Records from a data source:
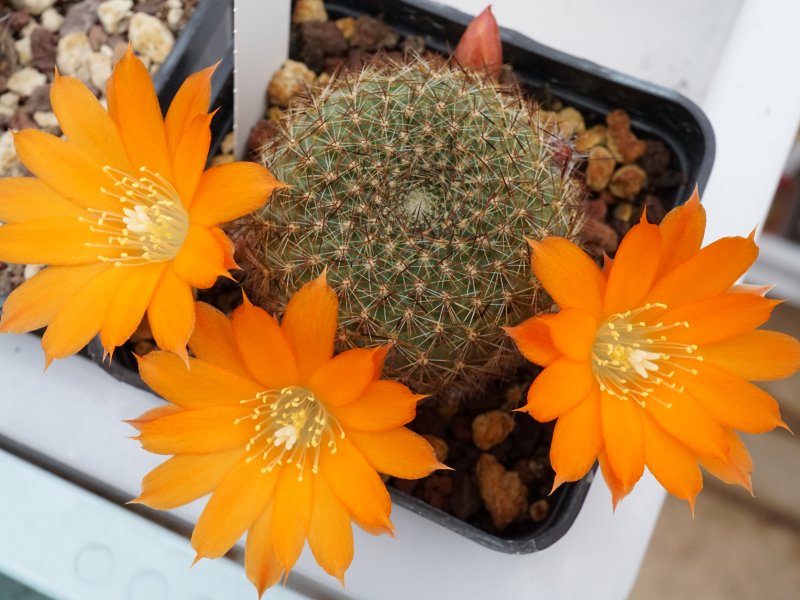 Rebutia walteri 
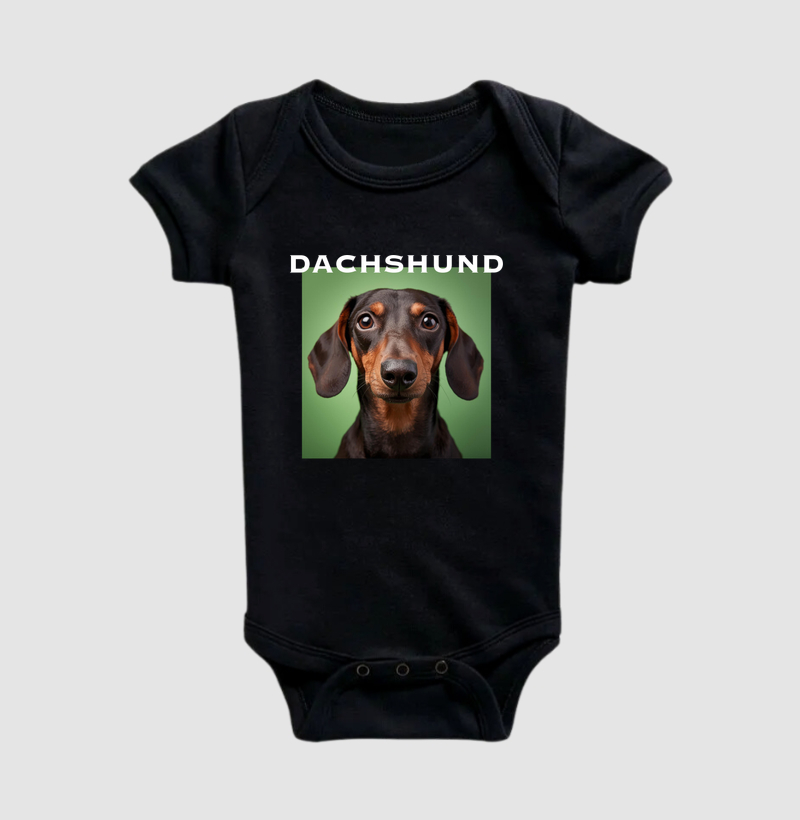 Dachshund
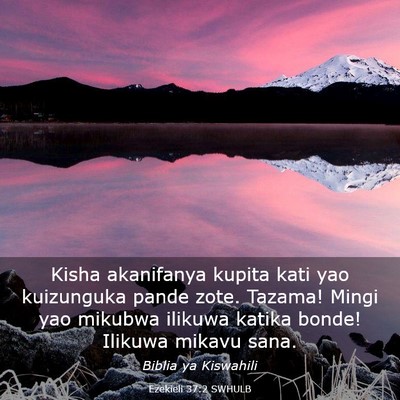Picture 03 - Ezekieli 37:2 SWHULB - Kisha akanifanya kupita kati yao kuizunguka pande - Bible Verse Picture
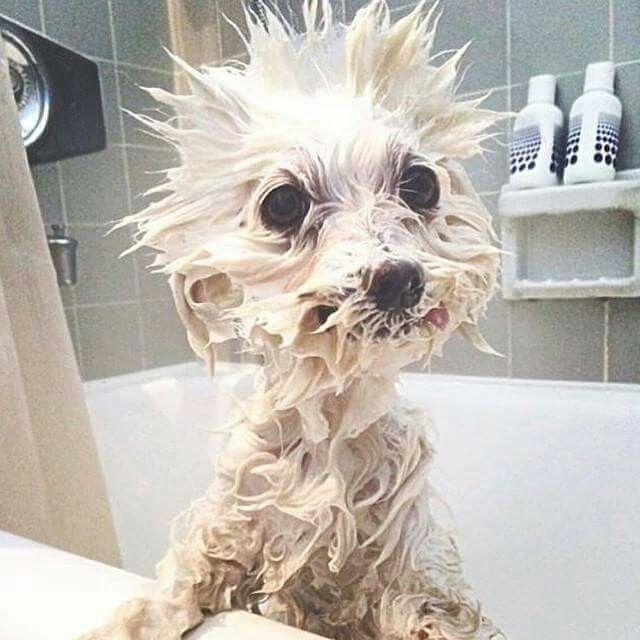 a wet dog sitting in a bathtub with his head turned to look like it's falling off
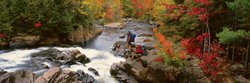 Randonnée dans le Parc du Mont-Tremblant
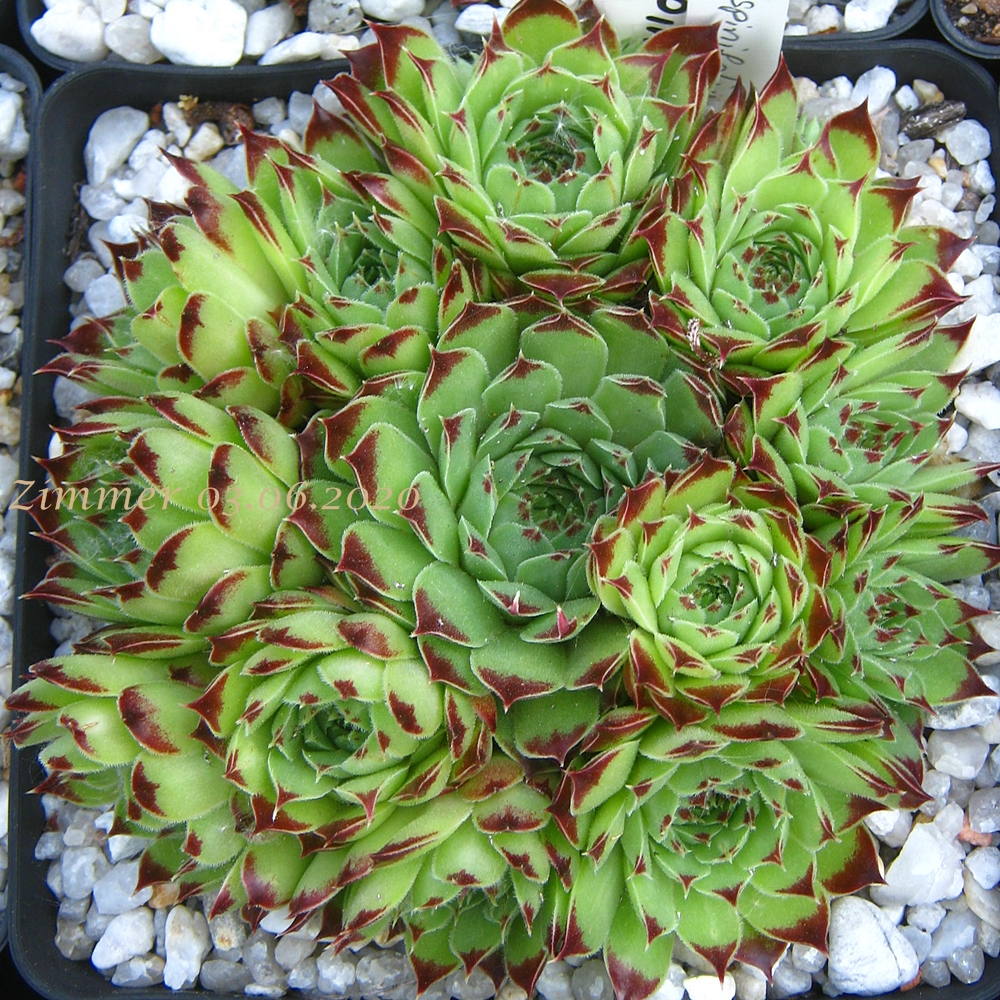 calcareum (spinifolium)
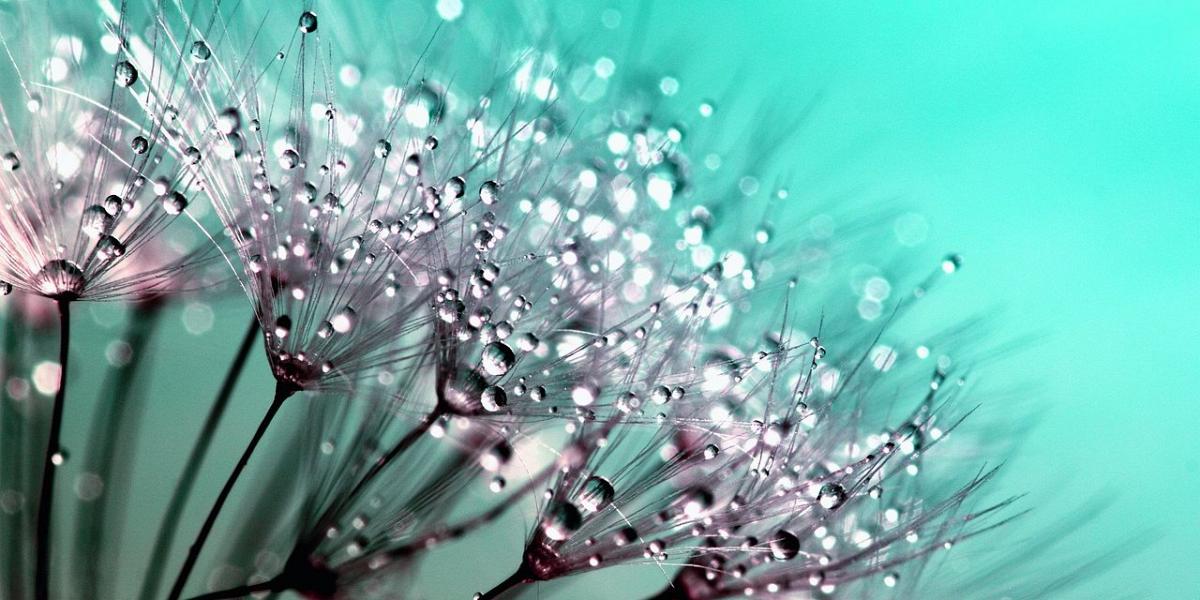 sophrologue certifiée, professionnel bien-être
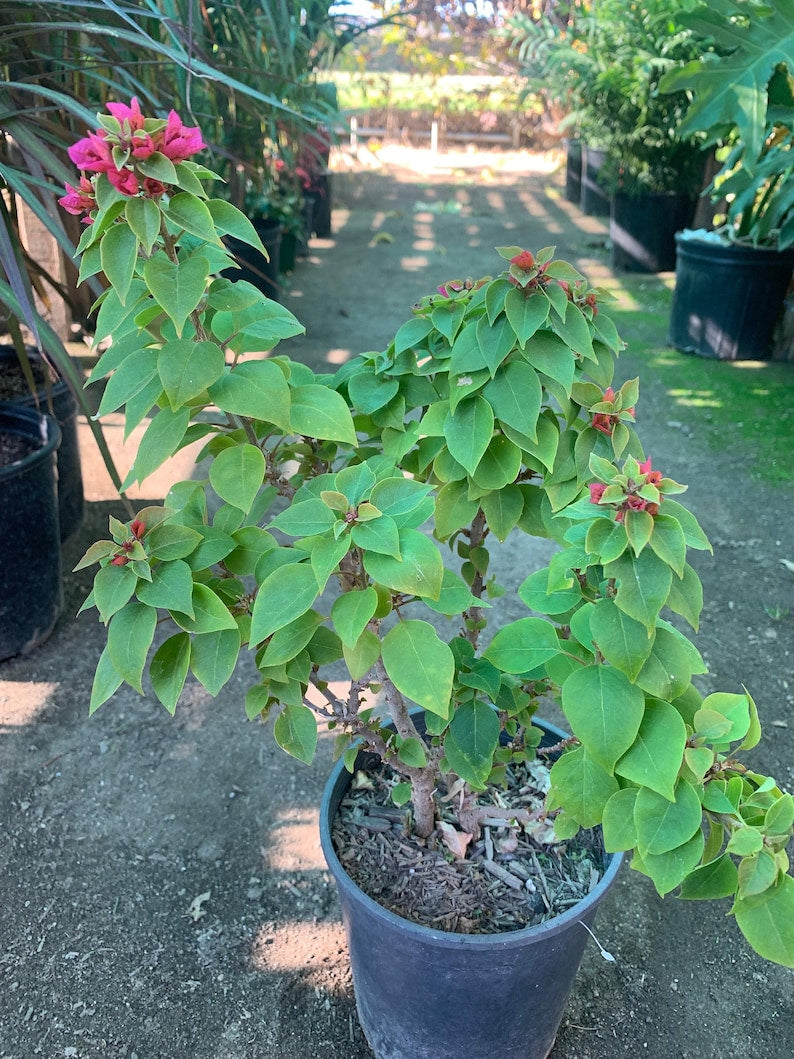 Bougainvillea Torch Plant - 2 to 3 Feet - Vibrant Pink & Purple Bracts - Bougainvillea glabra - 3 Gallon Pot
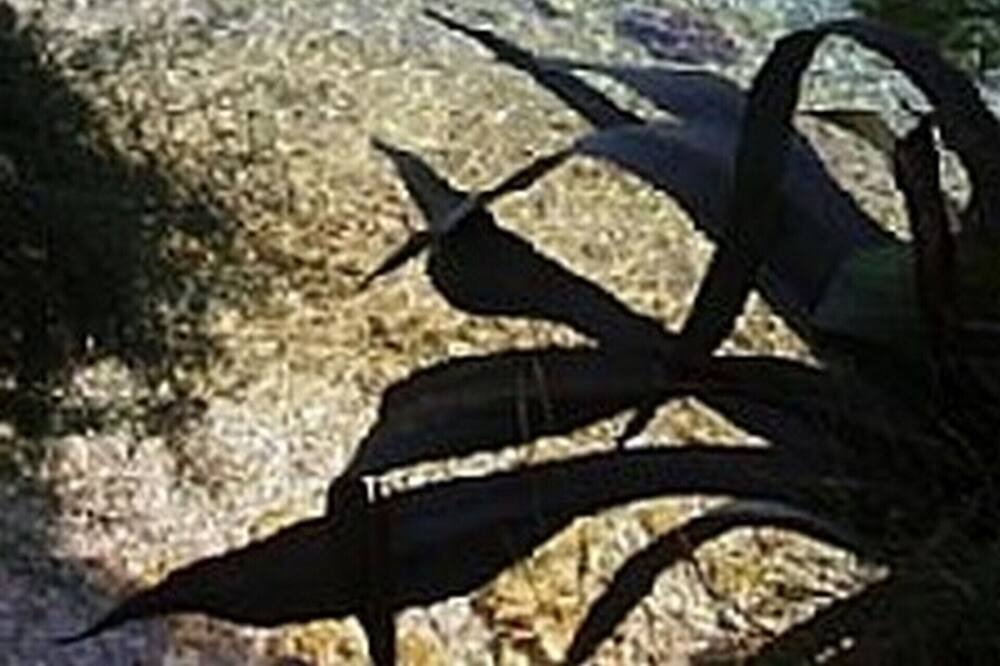 Photo of Others in Cove Basina (Jelsa)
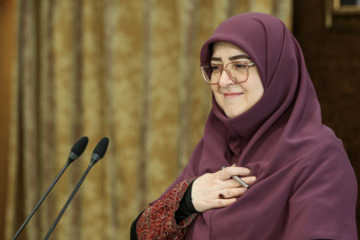 مهاجرانی: پایین بودن درآمدها دولت را مجبور به مداخله در اقتصاد می‌کند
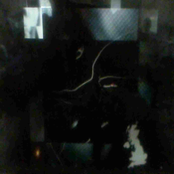 Fertile Ed1ts for the Shadow of Spring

- _Problem to work on_: In the answer, include exactly the lines from the top of the entries through the line containing "calcareum (spinifolium)", and nothing else, not even the pictures.

- _Result_:
 Rebutia walteri 
 Dachshund
Picture 03 - Ezekieli 37:2 SWHULB - Kisha akanifanya kupita kati yao kuizunguka pande - Bible Verse Picture
 a wet dog sitting in a bathtub with his head turned to look like it's falling off
 Randonnée dans le Parc du Mont-Tremblant
 calcareum (spinifolium)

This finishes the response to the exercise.